Les Brèves de comptoir sont à l'origine des anecdotes recueillies aux comptoirs de cafés et bistrots français par Jean-Marie Gourio, ancien journaliste chez Hara Kiri qui les publiaient dans les colonnes du journal satirique. Elles ont ensuite été éditées sous forme de recueils à partir de 1988, puis adaptées par Jean-Michel Ribes à la télévision dans la série Palace (1988), au théâtre en 1994 et 1999 et portées aujourd'hui au cinéma par ce dernier.

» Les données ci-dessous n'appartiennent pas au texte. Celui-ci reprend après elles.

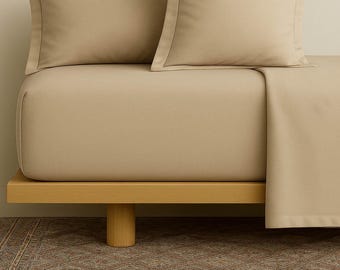 Funda de almohada personalizada en color beige arena / 100 % algodón / Cierre de cremallera / Hecha a mano / Suave y transpirable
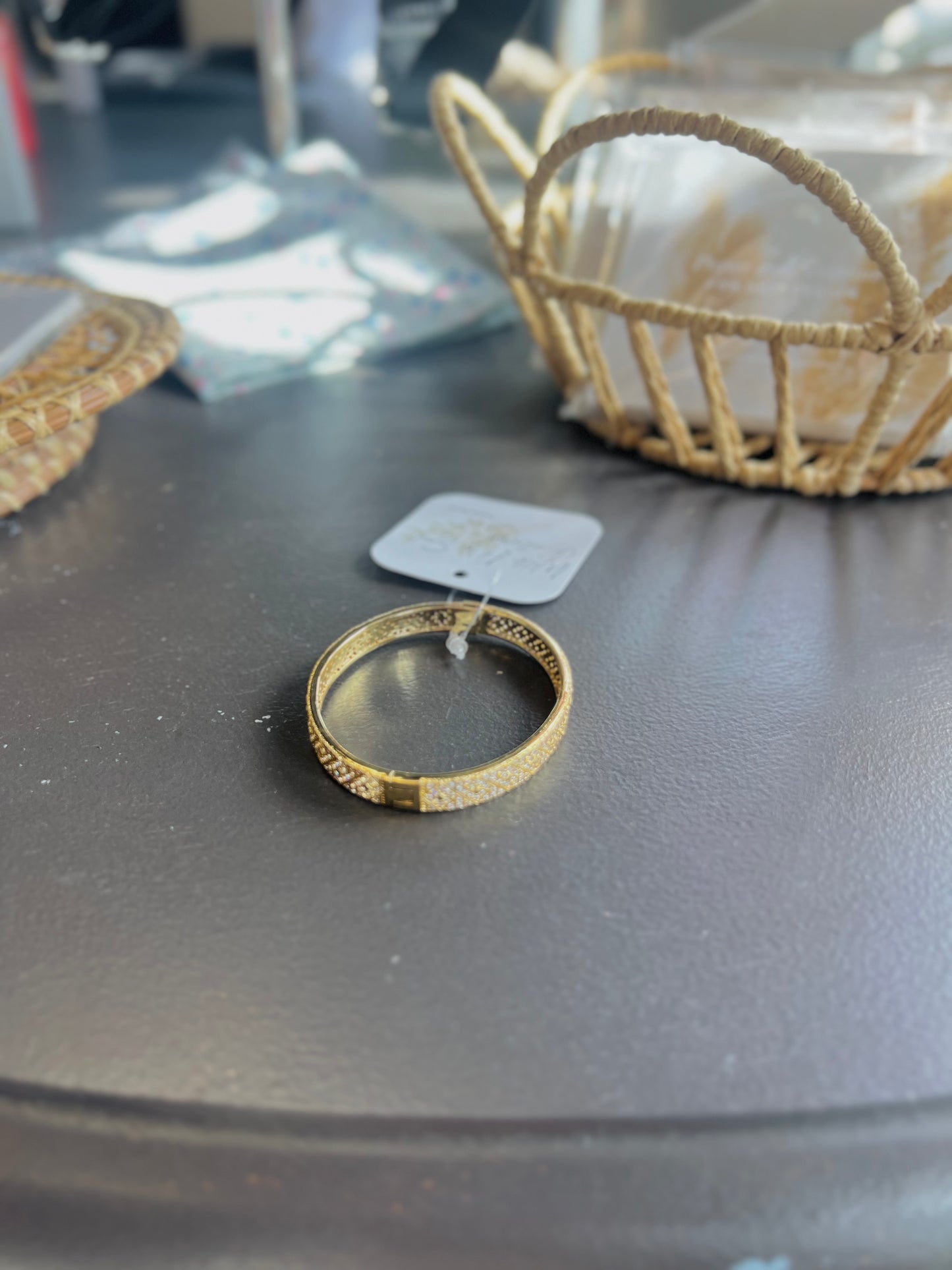 Vintage Gold Clasp Bracelet W/ Diamonds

Rencontre avec Jean-Michel Ribes et Jean-Marie Gourio, les deux porteurs du projet, et deux des comédiennes, Valérie Mairesse et Chantal Neuwirth...

Le secret de Gourio

Où Jean-Marie Gourio recueille-t-il ses brèves? Sur quels critères les sélectionne-t-il? Qui en sont les véritables auteurs? Autant d'interrogations qui étaient jusqu'alors restées sans réponses. L'auteur et scénariste nous révèle son secret : « Chaque jour, et aujourd’hui encore, je m’installe au bout d’un zinc. (…) Debout. Les meilleures viennent de gens qui passent leur temps dehors, et viennent se réchauffer. Pour eux – postiers, agents des pompes funèbres, égoutiers, garagistes, ouvriers du bâtiment, éboueurs, chômeurs… – le bistrot est un havre où il fait bon discuter. (…) J’ai mes habitudes dans plusieurs bistrots, selon les horaires et les jours de la semaine. Je commande ma bière, j’attends, j’écoute. De ma place, je vois tout sans être repéré, j’entends plusieurs conversations en même temps. Il faut saisir les brèves et les noter immédiatement, sinon on en perd la formulation qui en fait le sel. Il faut que ça soit volé aussi, buissonnier pour que ça soit joli. (...) Sur tout ce que j’entends quotidiennement, j’en sélectionne environ 3000 par an qui sont des perles…»

Tournage parisien

Fidèle à l'ambiance des bistrots populaires où Jean-Michel Gourio glanait ses brèves, Jean-Michel Ribes a posé ses caméras en France, notamment à Paris et en région parisienne. Le tournage s'est déroulé du 13 septembre au 31 octobre 2013.